▶ _Exercise description_
The answer should be every line below, repeated exactly, with the images left out.

▶ _Recorded information_
■ ■ ■

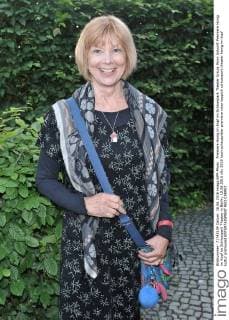Premiere Honig im Kopf im Schlosspark Theater Ursula Monn Ankunft Premiere Honig im Kopf im Schlosspark Theater in Berlin, 18.06.2016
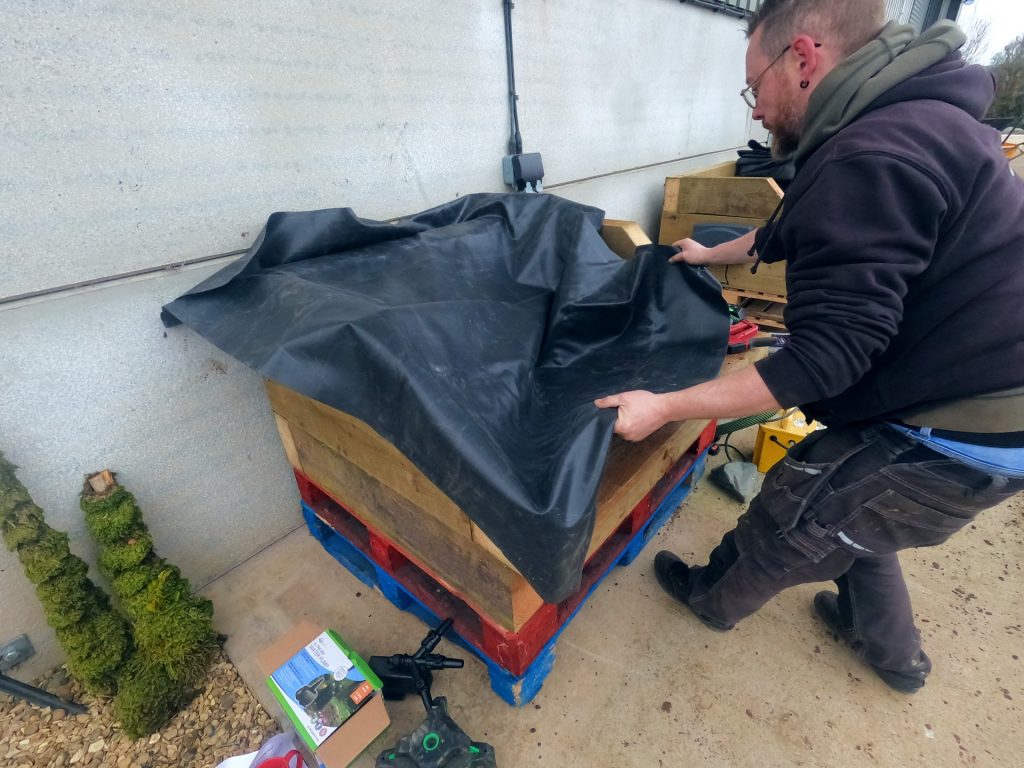 Tekmovanje v gradnji vodnih motivov 9.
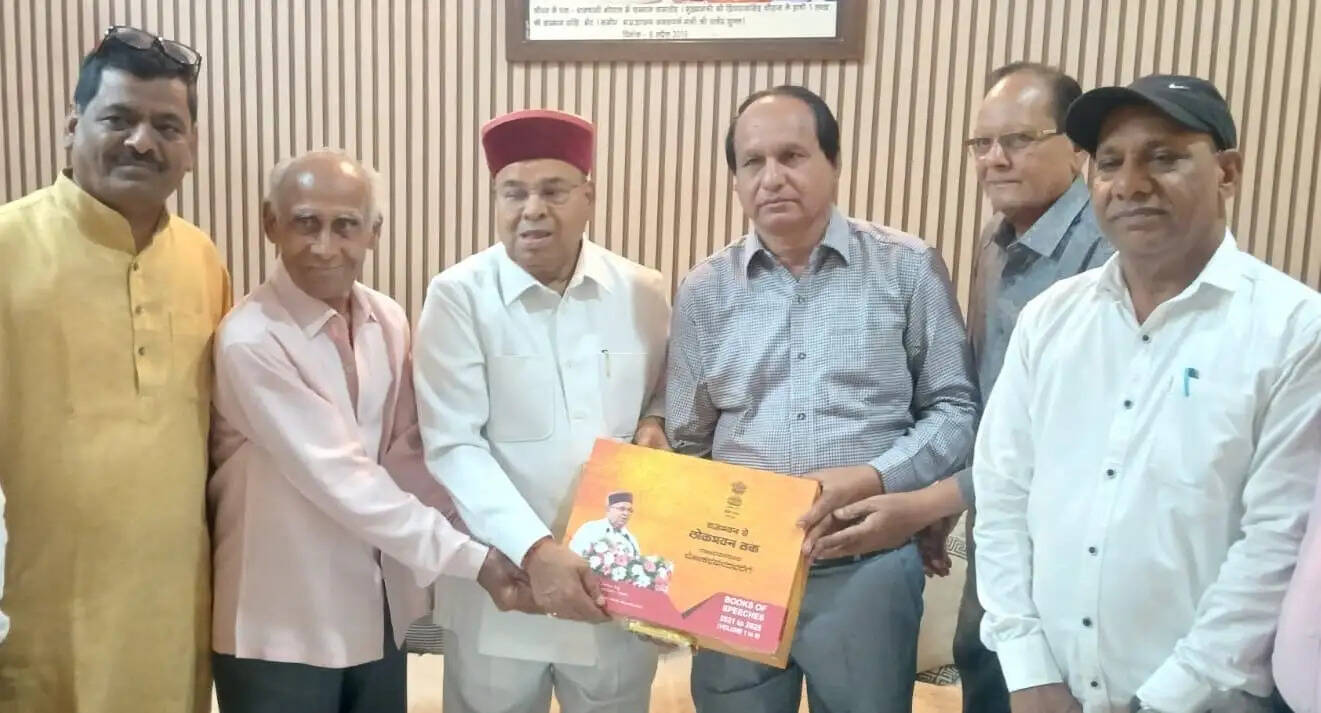 नागदाः कर्नाटक राज्यपाल को भेंट किया युगवार्ता आपातकाल विशेषांक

■ ■ ■

▶ _Response_
Premiere Honig im Kopf im Schlosspark Theater Ursula Monn Ankunft Premiere Honig im Kopf im Schlosspark Theater in Berlin, 18.06.2016
 Tekmovanje v gradnji vodnih motivov 9.
 नागदाः कर्नाटक राज्यपाल को भेंट किया युगवार्ता आपातकाल विशेषांक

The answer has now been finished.